● **Exercise**: Copy the lines running from the one that contains "SAMSUNG DW60A6092IB LAVASTOVIGLIE" to the end of the entries below, exactly and with no pictures.

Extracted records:

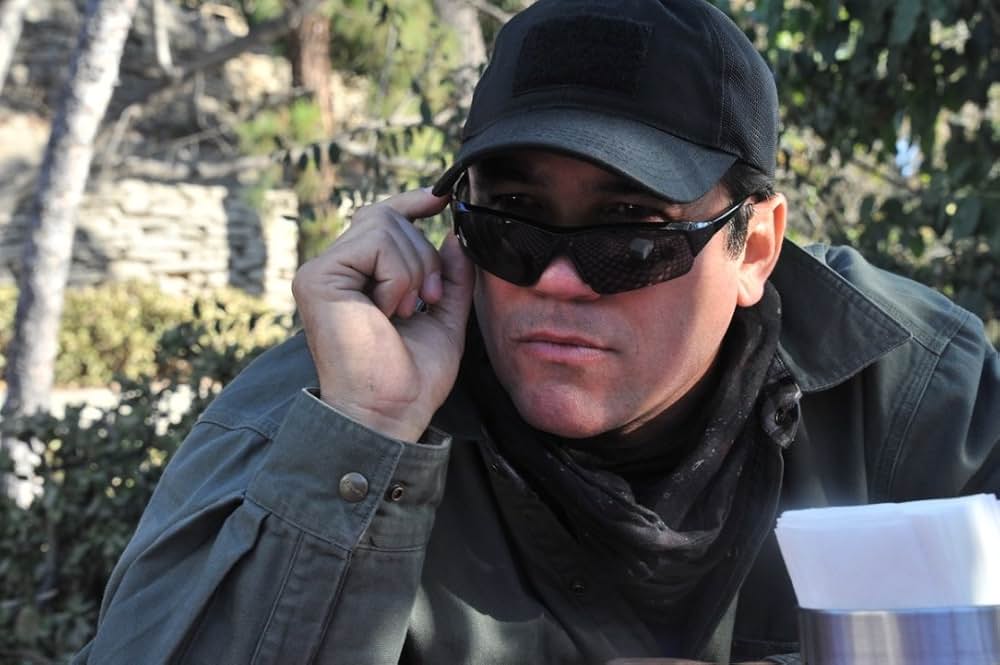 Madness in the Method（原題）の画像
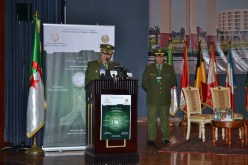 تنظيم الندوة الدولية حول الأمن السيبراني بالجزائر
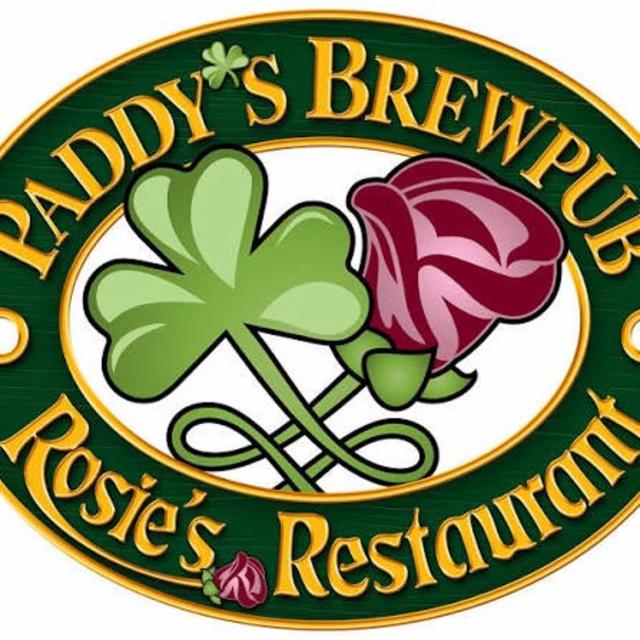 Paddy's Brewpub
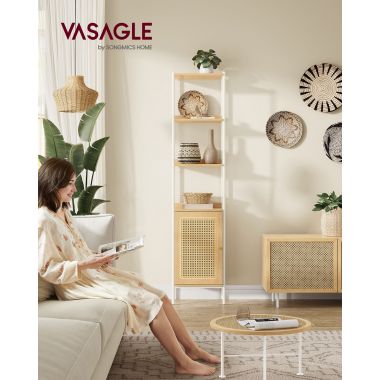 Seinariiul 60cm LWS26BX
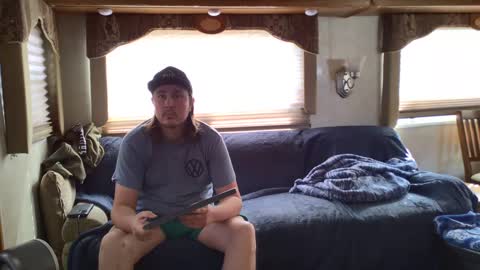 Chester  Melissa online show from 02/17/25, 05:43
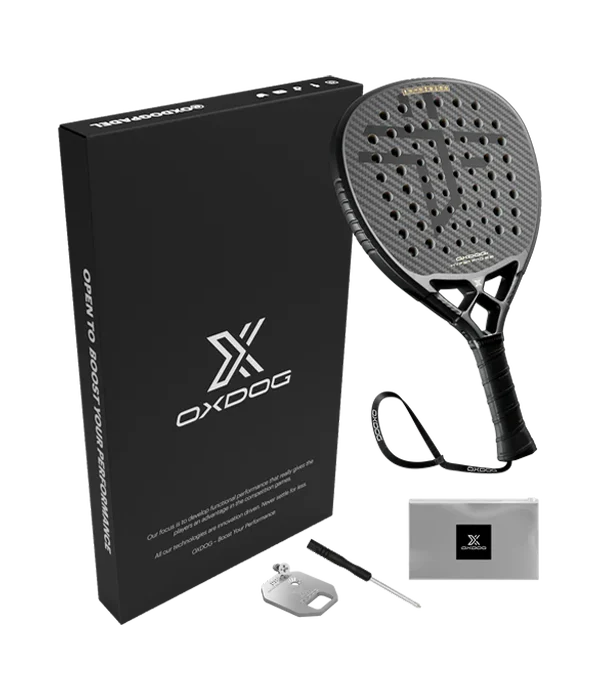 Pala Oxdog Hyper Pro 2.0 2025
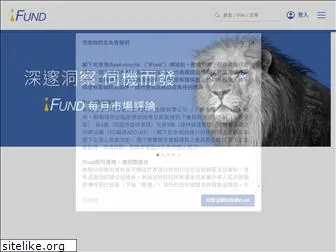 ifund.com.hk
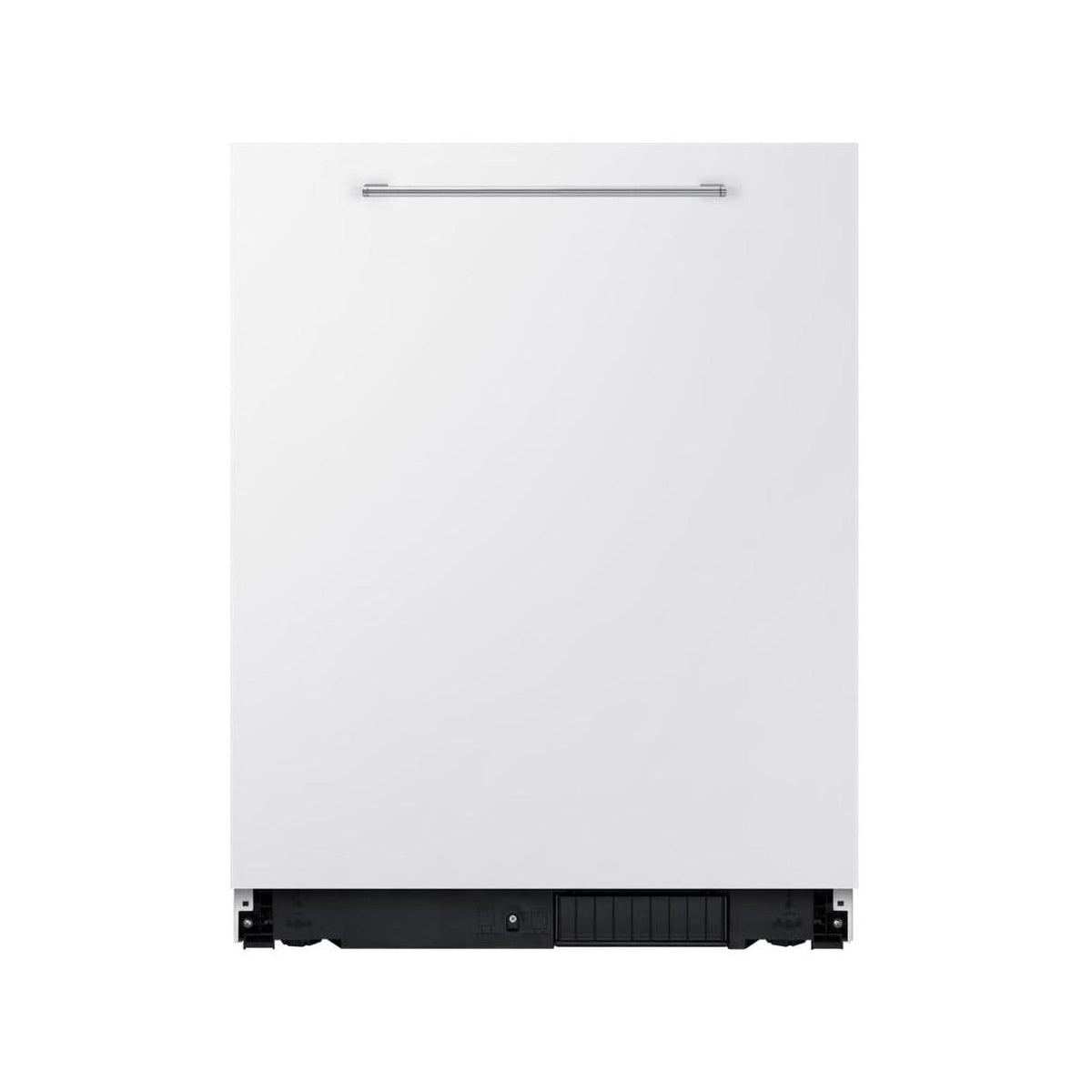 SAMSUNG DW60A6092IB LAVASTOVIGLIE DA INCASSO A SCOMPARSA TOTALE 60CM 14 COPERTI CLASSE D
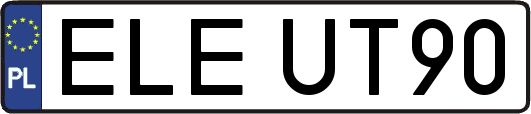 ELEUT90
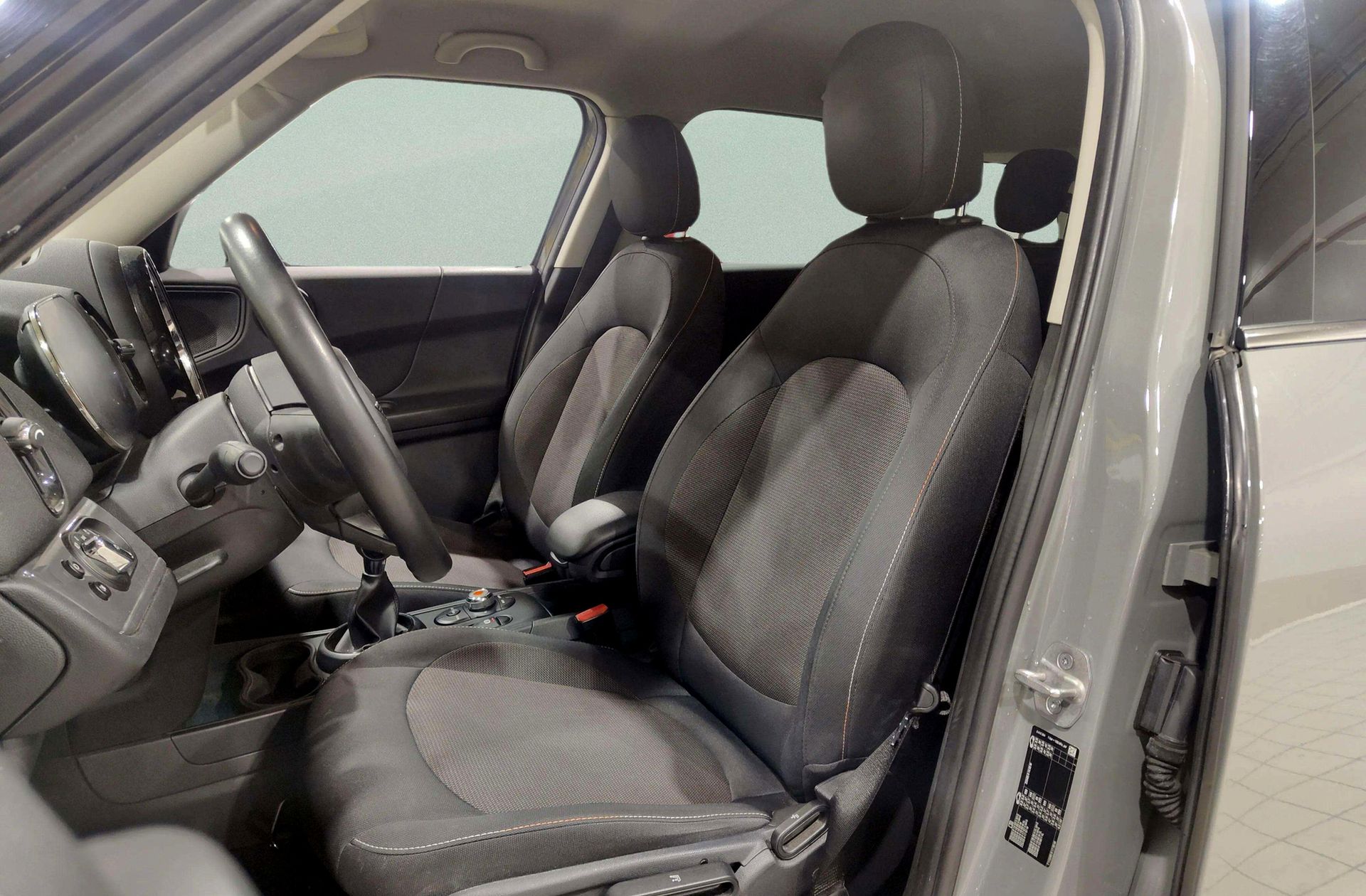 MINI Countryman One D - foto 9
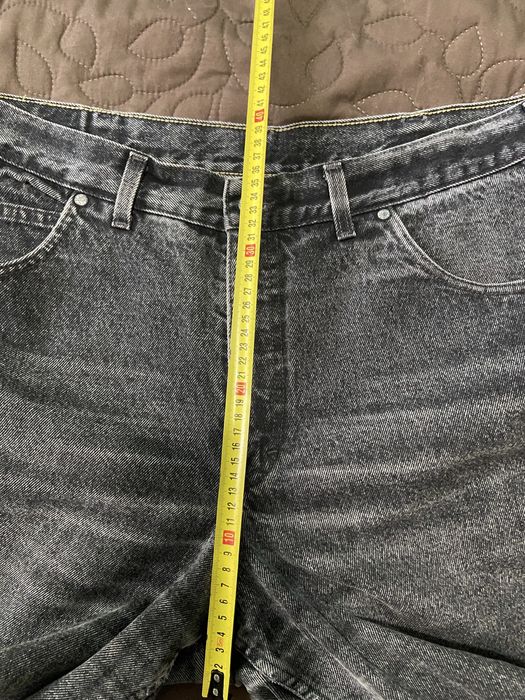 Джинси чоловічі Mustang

● **Response area**:
 SAMSUNG DW60A6092IB LAVASTOVIGLIE DA INCASSO A SCOMPARSA TOTALE 60CM 14 COPERTI CLASSE D
 ELEUT90
 MINI Countryman One D - foto 9
 Джинси чоловічі Mustang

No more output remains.